By Chelle Delaney: QCS associate publisher
Yes, it’s early, but shouldn’t Democrats start mixing it up with Republicans?
That’s what was just suggested in a recent piece in the New York Times.
What we’ve been getting is a series of so-called “debates” that pit Republicans against Republicans and Democrats against Democrats.
How long do we have to wait before the candidates of different persuasions start debating with each other? You know, Democrats versus Republicans.
All the current “debates” are doing is exhibiting the dissension within the parties. Why can’t the candidates for both parties face each other?
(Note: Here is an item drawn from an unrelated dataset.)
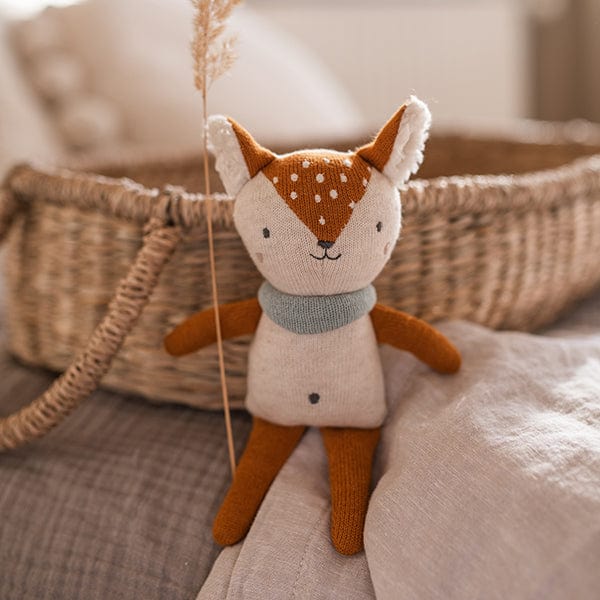 Babyrassel Reh mit Halstuch - braun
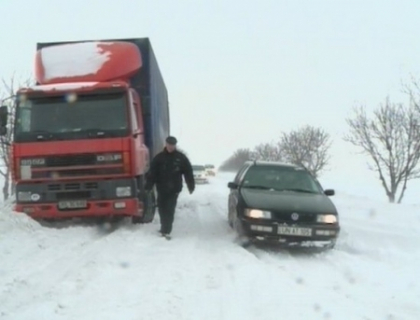 Moldova, iarasi sub zapada! Masini blocate in nameti si ambuteiaje. Cum s-a circulat pe drumurile nationale Moldova, iarasi sub zapada! Masini blocate in nameti si ambuteiaje. Cum s-a circulat pe drumurile nationale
Debates are a good thing. Presidential debates used to be sponsored by League of Women Voters, but in 1987 the Commission on Presidential Debates (CPD) was established “to ensure that debates, as a permanent part of every general election, provide the best possible information to viewers and listeners.”
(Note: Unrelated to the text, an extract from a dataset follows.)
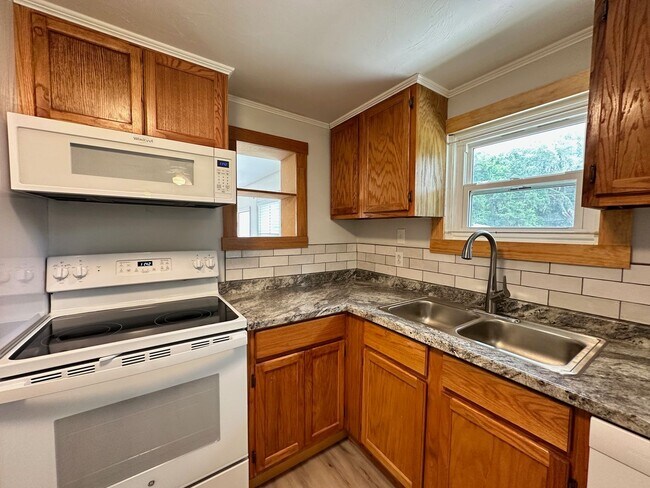 Building Photo - Beautiful Sunsets! Close to Historic District, Shopping & Beaches!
The commission, which is nonpartisan and nonprofit, has sponsored all the presidential debates between 1988 and 2004.
Of course, most of those debates (but not all) were held after the primaries and conventions had decided who each party’s candidates would be.
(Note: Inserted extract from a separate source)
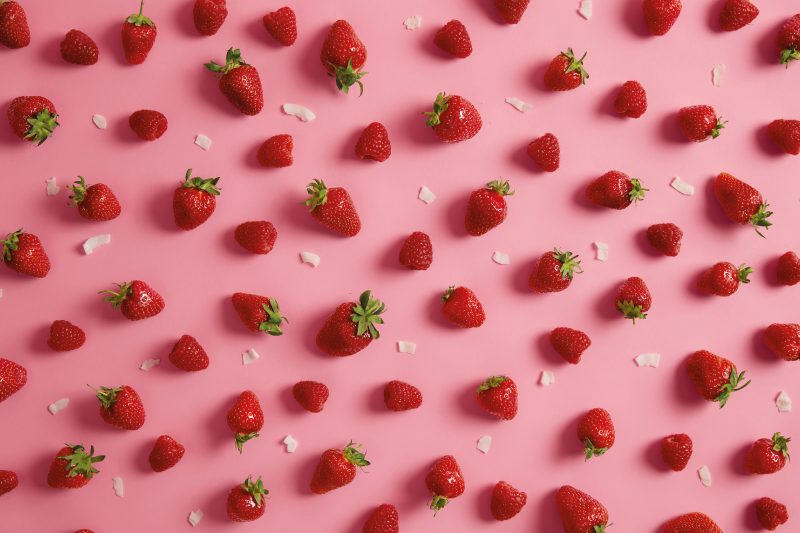 Modern placemats strawberry print design - TenStickers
But if you look at the CPD Web site — www.debates.org — you’ll get a great sense of what previous presidential and vice presidential debates were like — and what current debates could be like.
The Commission on Public Debates’ Web site not only gives you details on the above debates, you can get transcripts of what the debaters said.
And maybe what was said in years past might be more informative than what is being said today … in these one-party debates.
Author-reporter for U.S. News & World Report Michael Barone reminds us that, in 1987, Tom Brokaw of NBC News brought us a televised debate between six Republican and six Democratic presidential candidates. That’s right, the presidential candidates for both parties had at it with one another.
And people watched. That 1987 debate between the candidates of both parties topped 18 million viewers.
Our current debates? Their audiences range from less than a million to just a little more than 3 million. What about the debates in years gone by? The Commission on Presidential Debates has the figures for the debates it sponsored.
Each of the four 1960 debates between President (R) Richard M. Nixon and Senator (D) John F. Kennedy drew more than 60 million viewers.
And in 1980 when President (D) Jimmy Carter debated with the former Governor of California (R) Ronald Reagan, the audience was, according to Nielsen Media Research, 80.6 million.
By the way, the sponsor of all these debates was the Commission on Presidential Debates.
These audience numbers should show the value of real two-party debates.
Such debates would bring candidates of both parties to face one another and debate with one another. And should draw a larger audience — Republicans and Democrats and independents.
Such debates would give the voters/viewers of each party an opportunity to hear the arguments of the other party. And would give independent voters a chance to hear both sides.
With apologies to Barone, “Is anyone out there willing to step forward and sponsor such a debate?”